Non si tratta peraltro soltanto di un risparmio immediato, ma di una decisione che avrebbe continuato a pagare fintanto che le persone coinvolte avrebbero ricevuto la pensione. Da qui l’enorme cifra di 37 miliardi di euro risparmiata entro il 2032. Anche se la perequazione è un diritto acquisito dei pensionati, il Governo può modificarla in alcuni casi specifici. Il taglio però non deve essere reiterato, e le finanze pubbliche devono giustificarlo. La Corte dei Conti ha dubbi che questi criteri siano stati rispettati. Anche la prossima legge di bilancio potrebbe essere influenzata da questa decisione. Anche se l’inflazione è stata molto più bassa che nel 2023, un taglio simile a quello dello scorso anno avrebbe permesso un risparmio di un ulteriore miliardo di euro.

Gli altri tagli a rischio: dai medici agli insegnanti

Quello alla rivalutazione delle pensioni sull’inflazione non è l’unico taglio che il Governo aveva applicato ad alcuni trattamenti pensionistici particolarmente onerosi per lo Stato. Un articolo molto contestato della legge di bilancio per il 2024, che tenne la legge in parlamento fino agli ultimissimi giorni di dicembre 2023, prevedeva infatti che il calcolo degli assegni di 732mila tra medici, insegnanti, infermieri e dipendenti degli enti locali fosse ricalcolato. Il problema erano le tabelle di riferimento, vecchie e inadatte ai nuovi sistemi che assegnavano pensioni troppo alte.

Una norma che fu contrastatissima, in particolare dai medici in pensione, ma che passò permettendo al governo di iscrivere a bilancio un risparmio netto di 21 miliardi di euro entro il 2043. Se la Corte Costituzionale dovesse decidere di annullare le riduzioni della perequazione delle pensioni alte però, anche questa norma potrebbe diventare oggetti di ricorsi. Condivide infatti alcune caratteristiche tecniche in comune con la riduzione della rivalutazione, come ad esempio il fatto di essere reiterata nel tempo proprio perché le persone che si vedono decurtato l’assegno continuano ogni anno a ricevere meno denaro di quanto previsto dallo Stato.

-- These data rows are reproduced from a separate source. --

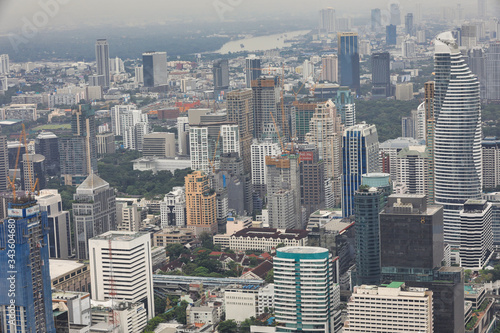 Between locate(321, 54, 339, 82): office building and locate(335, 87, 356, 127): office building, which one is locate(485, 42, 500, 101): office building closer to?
locate(335, 87, 356, 127): office building

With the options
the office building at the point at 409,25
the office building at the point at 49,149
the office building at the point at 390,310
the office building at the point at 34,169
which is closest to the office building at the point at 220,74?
the office building at the point at 409,25

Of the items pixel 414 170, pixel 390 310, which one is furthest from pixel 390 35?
pixel 390 310

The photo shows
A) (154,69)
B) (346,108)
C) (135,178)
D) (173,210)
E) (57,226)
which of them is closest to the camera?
(57,226)

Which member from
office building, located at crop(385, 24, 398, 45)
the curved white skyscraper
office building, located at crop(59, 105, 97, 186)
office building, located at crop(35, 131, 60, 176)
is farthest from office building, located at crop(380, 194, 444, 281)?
office building, located at crop(385, 24, 398, 45)

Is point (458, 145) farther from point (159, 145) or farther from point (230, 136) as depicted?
point (159, 145)

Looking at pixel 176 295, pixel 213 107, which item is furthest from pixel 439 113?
pixel 213 107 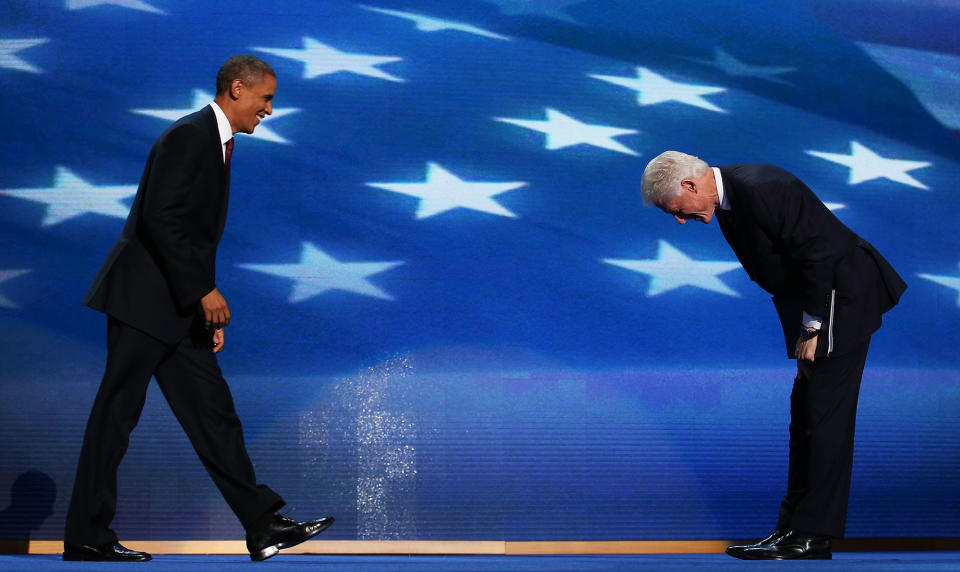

Il Governo guarda quindi con preoccupazione alle decisioni della Corte Costituzionale. I giudici delle Corti dei Conti di Toscana e Campania hanno già espresso il loro parere negativo sulle norme, ma non spetta a loro decidere della costituzionalità di una legge. Bisognerà quindi attendere una decisione che potrebbe arrivare già nel 2025. La manovra che va approvata entro la fine di dicembre in quel caso sarebbe salva, ma il problema verrebbe rimandato di un anno. E a quella per il 2026 potrebbero già mancare oltre 50 miliardi di risparmi.